Twitter Hash Tag: #DforC

Presentation Notes

In 1995 the Decision Theory and Adaptive Systems Group was created at Microsoft (Dr. Eric Horvitz) who thought they found out exactly when a user would become frustrated, hence the paperclip, which had very poor acceptance and was hated.

Context is the situation people are in when using products. These can be based on context, time, or the circumstances when the user is using the product.

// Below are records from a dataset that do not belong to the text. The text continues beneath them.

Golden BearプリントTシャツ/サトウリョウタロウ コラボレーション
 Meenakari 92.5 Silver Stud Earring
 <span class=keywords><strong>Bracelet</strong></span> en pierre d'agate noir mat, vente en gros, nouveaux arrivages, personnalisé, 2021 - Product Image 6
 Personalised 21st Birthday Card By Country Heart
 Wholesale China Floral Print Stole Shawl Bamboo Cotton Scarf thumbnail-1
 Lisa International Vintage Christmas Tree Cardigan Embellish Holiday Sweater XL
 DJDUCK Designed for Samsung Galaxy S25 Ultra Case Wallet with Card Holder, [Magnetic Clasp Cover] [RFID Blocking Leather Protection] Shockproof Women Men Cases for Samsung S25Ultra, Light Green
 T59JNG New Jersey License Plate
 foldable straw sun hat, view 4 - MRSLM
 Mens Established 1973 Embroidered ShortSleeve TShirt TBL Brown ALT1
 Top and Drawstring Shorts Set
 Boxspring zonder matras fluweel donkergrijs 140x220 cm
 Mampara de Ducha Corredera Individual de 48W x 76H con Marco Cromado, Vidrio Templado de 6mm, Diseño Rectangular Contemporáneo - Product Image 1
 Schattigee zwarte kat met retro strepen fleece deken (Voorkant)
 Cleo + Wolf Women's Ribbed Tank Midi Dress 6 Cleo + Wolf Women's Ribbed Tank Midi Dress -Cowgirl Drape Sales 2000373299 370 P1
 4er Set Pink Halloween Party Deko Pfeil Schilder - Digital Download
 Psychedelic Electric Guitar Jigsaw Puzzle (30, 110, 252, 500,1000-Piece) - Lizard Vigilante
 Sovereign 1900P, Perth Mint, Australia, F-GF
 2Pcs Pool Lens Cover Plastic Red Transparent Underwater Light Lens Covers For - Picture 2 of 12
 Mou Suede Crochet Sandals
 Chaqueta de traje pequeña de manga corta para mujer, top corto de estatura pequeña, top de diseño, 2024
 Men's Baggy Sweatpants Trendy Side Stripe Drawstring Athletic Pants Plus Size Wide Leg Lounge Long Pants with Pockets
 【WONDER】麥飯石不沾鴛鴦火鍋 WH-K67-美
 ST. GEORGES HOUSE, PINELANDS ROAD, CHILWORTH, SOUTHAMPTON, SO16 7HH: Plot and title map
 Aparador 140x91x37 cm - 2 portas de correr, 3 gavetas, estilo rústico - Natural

What should we be aware of when designing for Context?

Time

  • Designing interactions for different lengths or instances of time.
  • People are doing other things while using your products. Not only are people doing other things while using your product, they’re also turning your product off (or not using it) and then doing other things in the “real world” and then later come back to it (in-progress tasks).
  • Right “now” is an important time in which it is the best time to survey someone in how they are using your product, and what they’re doing while using it.
  • The context of time can change. For instance, what are the things that have to happen when you pull out your phone in a grocery line real quick compared to the things you have to do when you have hours to do something? What things are possible? What things are not possible?

Platform

  • Prioritizing one platform (such as developing a beautiful app on the iPad) and then making the other devices and website carry through the beautiful aspects of it.

Location

  • How do we accommodate and embrace various locations?
  • If you’re designing an app that is used when you’re outside, make sure it isn’t dark as it’s hard to see with sunlight.

Form & Technology

  • What about screen size, input methods, technical constraints?
  • Intuit has their app SnapTax which allows you to take a photo of your W2 and it automatically populates the fields of your W2. However, and ironically, doing this via a photo takes actually longer than it does to just key-in your values. This aspect actually drives people to the app.

Brand and Relationships

  • How you feel about a brand is going to affect how you feel about their products and services.

What have we learned?

If you’re going to extend your existing product, make sure you break out the pieces of the product you really want and what are most important (1:1 mapping). You have to do the research, design well, and understand your audience.

Adopt a service design mentality to understand where people are intersecting on common needs.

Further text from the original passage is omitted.